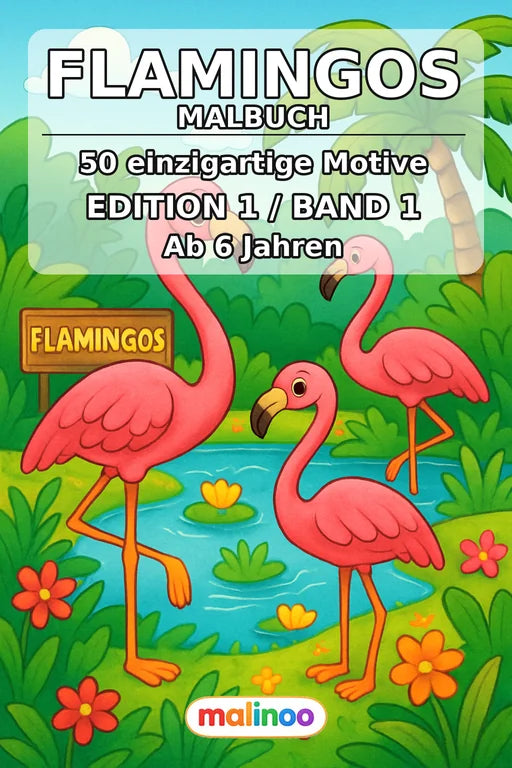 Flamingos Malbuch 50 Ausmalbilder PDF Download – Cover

============================================================

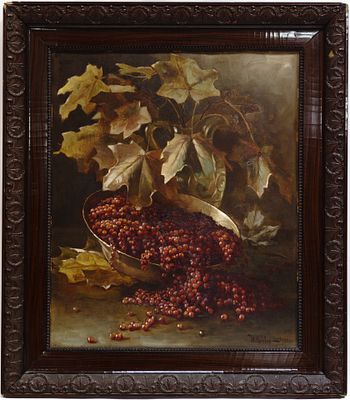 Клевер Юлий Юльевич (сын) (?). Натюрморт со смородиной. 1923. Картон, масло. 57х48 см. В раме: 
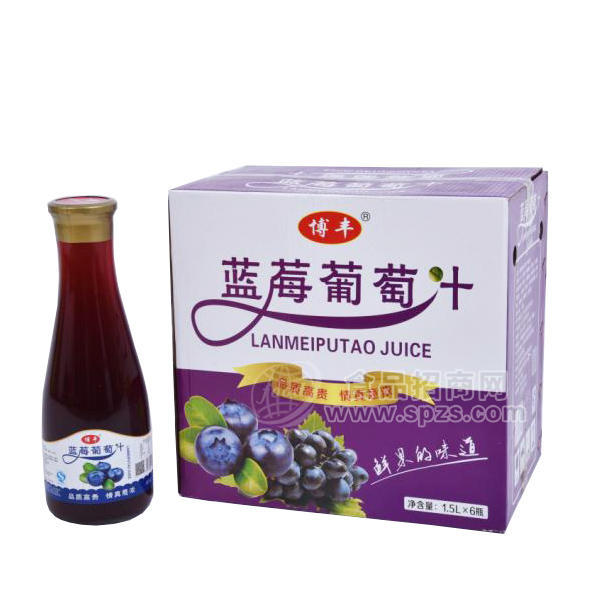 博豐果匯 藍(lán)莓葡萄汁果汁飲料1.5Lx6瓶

============================================================

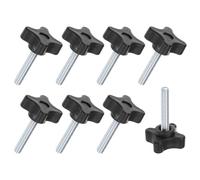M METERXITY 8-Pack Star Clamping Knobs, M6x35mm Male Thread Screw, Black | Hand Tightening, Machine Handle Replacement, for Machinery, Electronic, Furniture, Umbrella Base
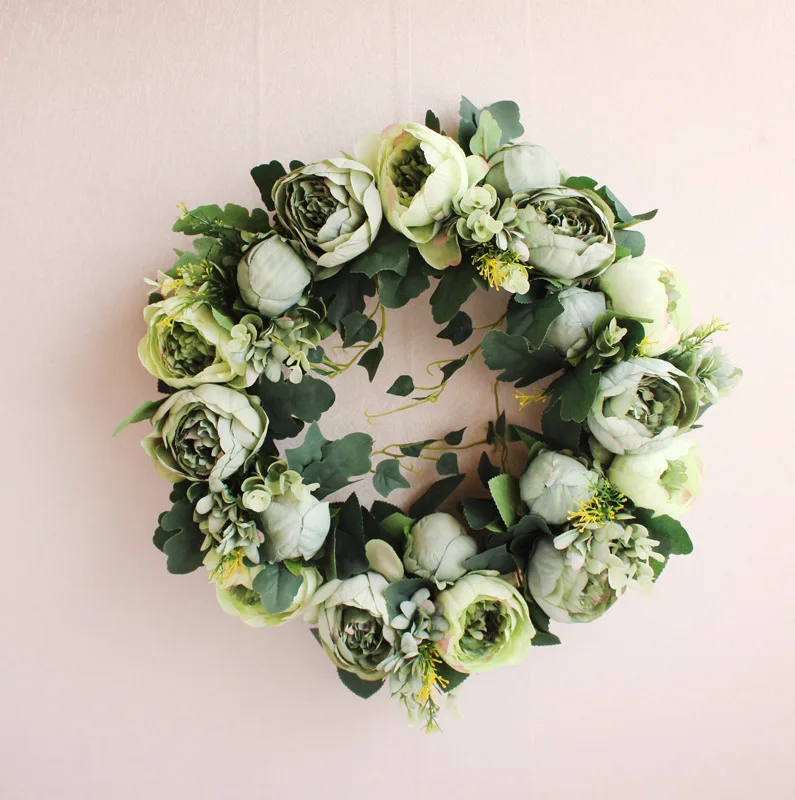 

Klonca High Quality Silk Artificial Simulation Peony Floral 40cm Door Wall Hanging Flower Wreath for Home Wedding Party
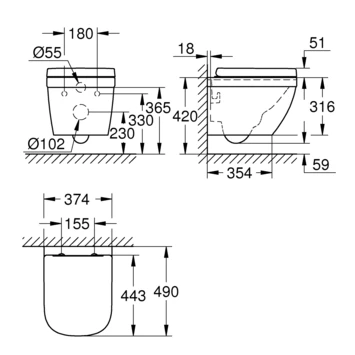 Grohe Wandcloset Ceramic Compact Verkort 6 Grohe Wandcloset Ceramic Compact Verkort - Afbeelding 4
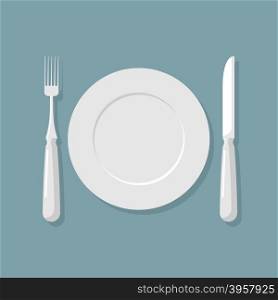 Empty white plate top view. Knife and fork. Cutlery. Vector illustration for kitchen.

============================================================

▸ TASK GOAL
The copy should hold only the lines from the one with "M METERXITY 8-Pack" through the one with "Klonca High Quality", exactly as they stand above. Leave out the pictures.

▸ ANSWER TO THIS EXERCISE
M METERXITY 8-Pack Star Clamping Knobs, M6x35mm Male Thread Screw, Black | Hand Tightening, Machine Handle Replacement, for Machinery, Electronic, Furniture, Umbrella Base

Klonca High Quality Silk Artificial Simulation Peony Floral 40cm Door Wall Hanging Flower Wreath for Home Wedding Party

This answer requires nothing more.